2 . The system of claim 1 , wherein a stimulation comprises two or more phases, at least one of which delivers monophasic pulses and at least one of which delivers biphasic pulses, and wherein the amplitude of the monophasic pulses is different from the amplitude of the biphasic pulses.
3 . The system of claim 2 , wherein a monophasic phase is divided into a plurality of subphases, each subphase delivering a train of pulses having exclusively positive polarity or exclusively negative polarity.
4 . The system of claim 3 , wherein the subphases are arranged to deliver an equal accumulated electrical charge and/or to limit the total accumulated electrical charge in each subphase to less than a predefined threshold.
5 . The system of claim 3 , wherein each subphase has a duration of at least about 1 second, optionally about 5 seconds, 10 seconds, 30 seconds, or 60 seconds.
6 . The system of claim 2 , wherein an accumulated charge in at least the monophasic phase is controlled by adjusting either the amplitude or the pulse width of the pulses.

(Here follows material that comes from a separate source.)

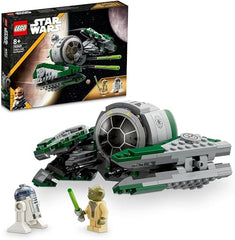 LEGO 75360 Star Wars Yoda's Jedi Starfighter Building Toy for Kids, Boys & Girls, The Clone Wars Vehicle Set with Master Yoda Minifigure, Lightsaber and Droid R2-D2 Figure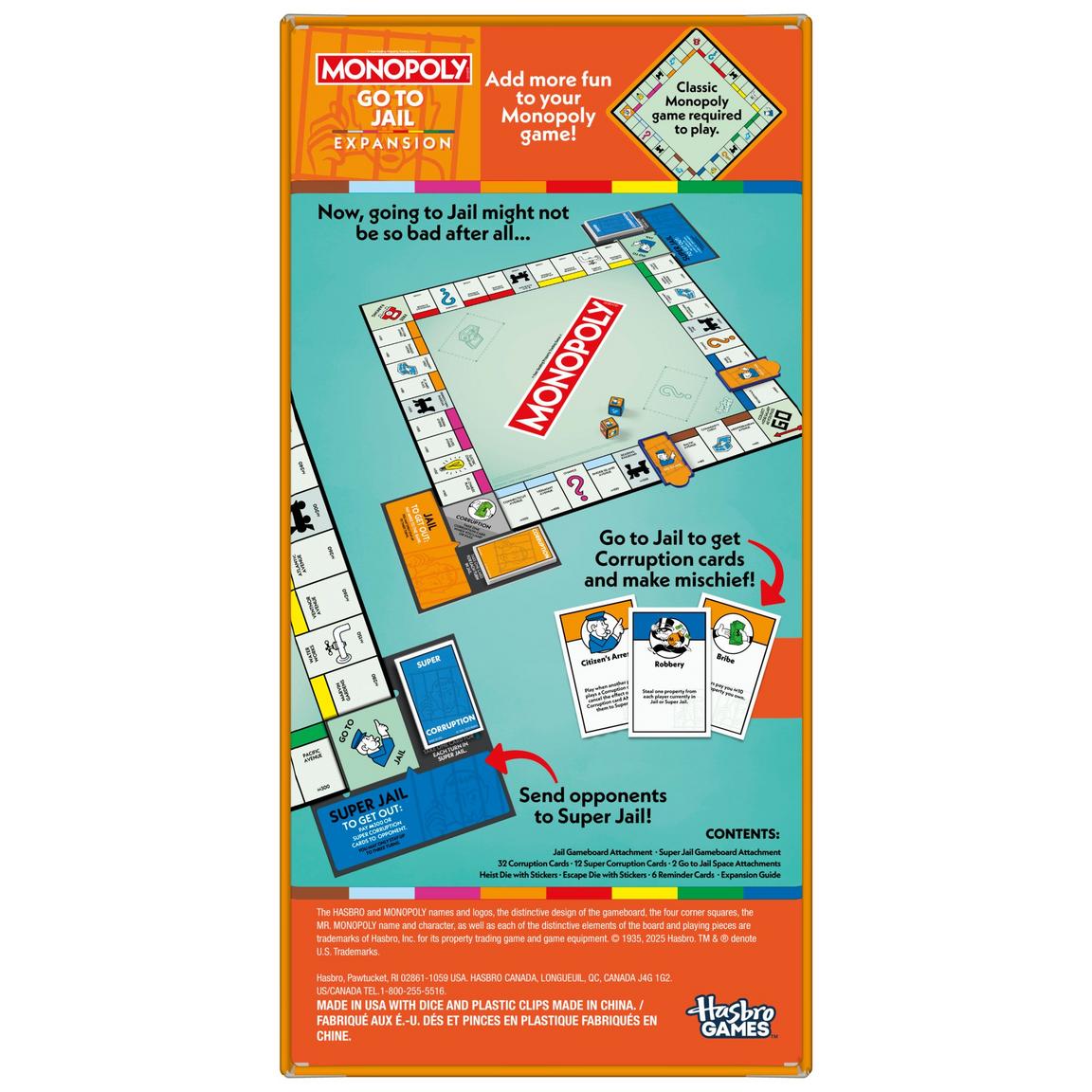 Hasbro Monopoly Board Game Expansion - Go To Jail-195166279268-LR-357891-4-LR eShop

7 . The system of claim 2 , wherein the frequency of the monophasic pulses is between about 20 Hz and about 40 Hz.
8 . The system of claim 2 , wherein the amplitudes of the monophasic and biphasic phases are determined based on the patient's tolerance threshold for each mode and are automatically managed thereafter.
9 . The system of claim 2 , wherein the frequency of the biphasic phase is in the range of about 15 Hz to about 25 Hz.
10 . The system of claim 2 , wherein the two or more phases are separated by a rest phase in which no stimulation is provided.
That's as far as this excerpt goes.